Creer en Cristo significaba reconocerlo como el nuevo Templo, del que el edificio sagrado de Jerusalén no era más que figura. Él, laico, había organizado su Iglesia sin tomar en cuenta el sacerdocio de los «hijos de Aarón», los sacerdotes judíos, pues él y sólo él es el sacerdote, el que pone a los hombres en contacto con el Dios santísimo.
De ese modo Cristo les había quitado tanto su trabajo como su razón de ser. Por eso a veces esos hombres, que habían conocido a Jesús en su existencia humana, habrán sentido la duda: ¿acaso todo ha cambiado a causa de él?
Para confirmar su fe, esta carta les muestra que la religión judía, con sus ceremonias grandiosas en el Templo de Jerusalén, no era más que la imagen de algo más grande. El perdón de los pecados y la religión en espíritu, aspiración de todo el Antiguo Testamento, debían ser la obra del sacerdote auténtico de toda la humanidad, Jesús, el Hijo de Dios. Ya no hay otro sacrificio fuera del suyo, sacrificio que comienza en la cruz y termina en la gloria.
¿No hay también muchos Hebreos, o personas desarraigadas en el mundo de hoy? Los enfermos que no tienen esperanza, los cristianos perseguidos, los que no aceptan la injusticia ni la mediocridad de la sociedad. Aunque muchos de ellos no comprendan todos los argumentos o las citas bíblicas que llenan estas páginas, esta carta los animará en su fe.

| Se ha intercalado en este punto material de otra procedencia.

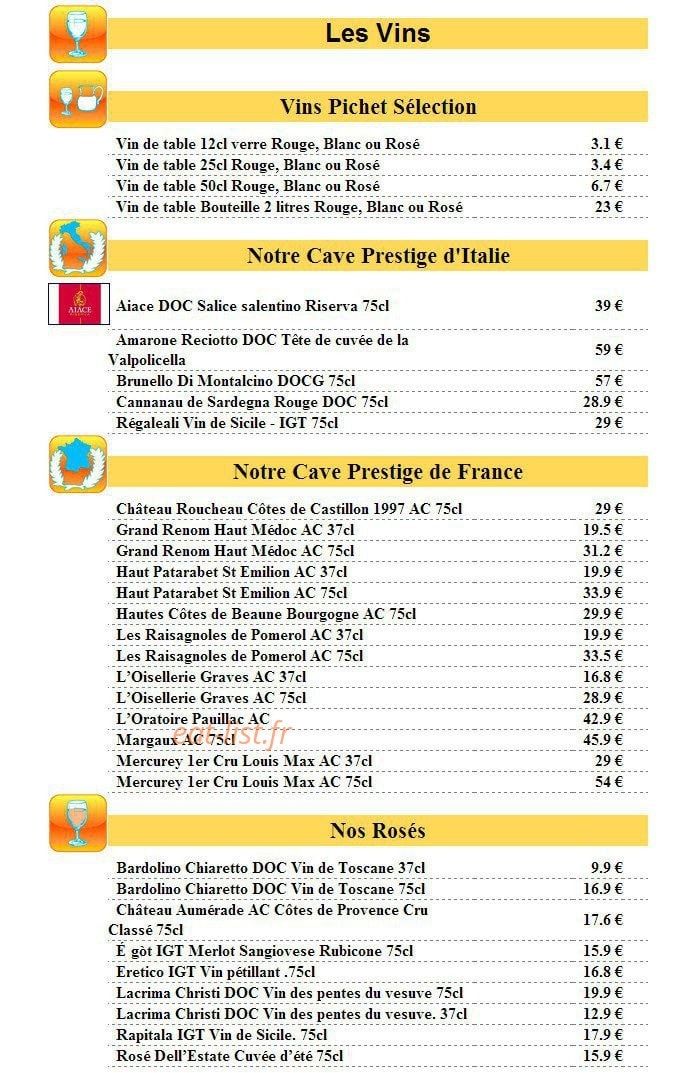 Pizza Sicilia — carte page 15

Por otro lado, la palabra sacerdote ha tomado una importancia tal en la Iglesia que no está de más examinar aquí el texto bíblico que ha profundizado más el sentido del sacerdocio y su reorientación por el hecho mismo del sacrificio de Cristo.
Esta carta fue escrita desde Roma, tal vez hacia el año 66, cuando se anunciaba la guerra en la que iba a ser destruida Jerusalén. Eran también los últimos meses de la vida de Pablo; él estaba prisionero en Roma por segunda vez. Esta carta no es extraña al pensamiento de Pablo, pero él no la escribió. Es muy posible que su autor haya sido Apolo, mencionado en Hechos 18,24-28, «hombre muy versado en las Escrituras y que demostraba por las Escrituras que Jesús es el Mesías».